Off she goes, Iain Oughtred's slightly foreshortened Penny Fee, at 15ft. Sails by Jeckells, spars by the wonderful Jeremy Freeland at Collars. The rest by Messrs Burke and Morgan (that's Jonny by the way...)

Tuesday, 5 April 2011

Last of the Summer Wine (or Paradise Found)

It does seem - in answer to Doryman's comment - that all we do up here is mess about on the water, or at least in small boats. There's Chris beavering away in his shed, stitching or gluing ply together exquisitely (which he says he dislikes) in the joyous anticipation of spending hours laying down possibly the most perfect varnish known to man. And Topher, skiffologist of repute, engineer, boat builder, mathematician, inventor for whom no old solution to a problem is too sacrosanct to try and improve upon (swivelling kabes on turned ebony thole pins springs to mind).

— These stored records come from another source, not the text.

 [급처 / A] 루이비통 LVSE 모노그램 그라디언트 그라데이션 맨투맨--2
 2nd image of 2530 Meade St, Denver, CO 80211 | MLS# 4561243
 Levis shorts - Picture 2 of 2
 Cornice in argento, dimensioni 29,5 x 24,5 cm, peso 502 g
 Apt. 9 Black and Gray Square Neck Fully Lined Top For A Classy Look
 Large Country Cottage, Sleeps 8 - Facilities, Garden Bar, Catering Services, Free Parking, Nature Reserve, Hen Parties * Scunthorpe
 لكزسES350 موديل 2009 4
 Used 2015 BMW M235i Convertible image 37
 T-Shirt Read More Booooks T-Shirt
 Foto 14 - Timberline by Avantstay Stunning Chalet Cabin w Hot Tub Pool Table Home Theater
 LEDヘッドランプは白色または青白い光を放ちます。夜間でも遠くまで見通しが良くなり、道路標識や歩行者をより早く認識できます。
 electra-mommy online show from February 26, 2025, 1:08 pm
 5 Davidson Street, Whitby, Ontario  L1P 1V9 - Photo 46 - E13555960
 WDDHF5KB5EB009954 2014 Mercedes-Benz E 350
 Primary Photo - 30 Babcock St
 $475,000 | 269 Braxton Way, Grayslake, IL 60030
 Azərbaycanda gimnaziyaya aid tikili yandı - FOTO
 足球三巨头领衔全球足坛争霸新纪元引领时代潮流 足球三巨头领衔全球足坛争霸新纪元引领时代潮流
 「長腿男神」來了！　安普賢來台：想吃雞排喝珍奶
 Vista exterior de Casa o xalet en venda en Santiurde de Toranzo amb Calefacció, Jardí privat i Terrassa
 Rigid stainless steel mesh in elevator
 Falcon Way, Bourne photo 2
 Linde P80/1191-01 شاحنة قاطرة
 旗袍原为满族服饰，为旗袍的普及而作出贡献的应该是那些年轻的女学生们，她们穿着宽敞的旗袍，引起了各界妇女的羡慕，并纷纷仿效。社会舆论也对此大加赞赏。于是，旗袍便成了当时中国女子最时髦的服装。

"Oh no, Topher, not more fun..." Photo: copyright Sue 'the sew' Evans
And John, rebuilding his steel cutter with a degree of accuracy that can only come from being a naval architect, climate-change scientist, aeronautical engineer (he built a man-powered aeroplane in a previous life: Google "Airglow" if you don't believe me) and dinghy builder. Then there's Mark over on loch side who builds traditional wooden boats professionally, as does Joe (who canoes, windsurfs, skis and climbs trees for a living) and will build you a house too. Don't mention Dan who is building a 34ft schooner and who also can make you a fine piece of furniture (or weld up a trailer, or fix your land Rover, or build a house, or...)

Most of us are still trying to scrape a living between having fun, but we are at a small disadvantage up here, weather-wise. You just have to be flexible enough to take your chances when you can. That means making the most of the wonderful long summer days. One day in Ffly was followed by four of gales. Not that it deterred the skiffies from taking Ulla out yesterday, into the teeth of it, and enjoying every minute I gather. Too windy for a Flying Fifteen though, so I spent the day working on the bow of the gunning punt in my shed, to the sound of Mozart...


  1. Now wait just a darn minute!
    I recognize the fellow on bow oar. How many followers does he have now? Catching on, is he? I guess that's what happens when you enlist a professional photographer.

  2. Ade - it was Sue Evans took the photo, I was 400 miles to the South at the time (Anster last year) so it would have needed an exceptionally long lens!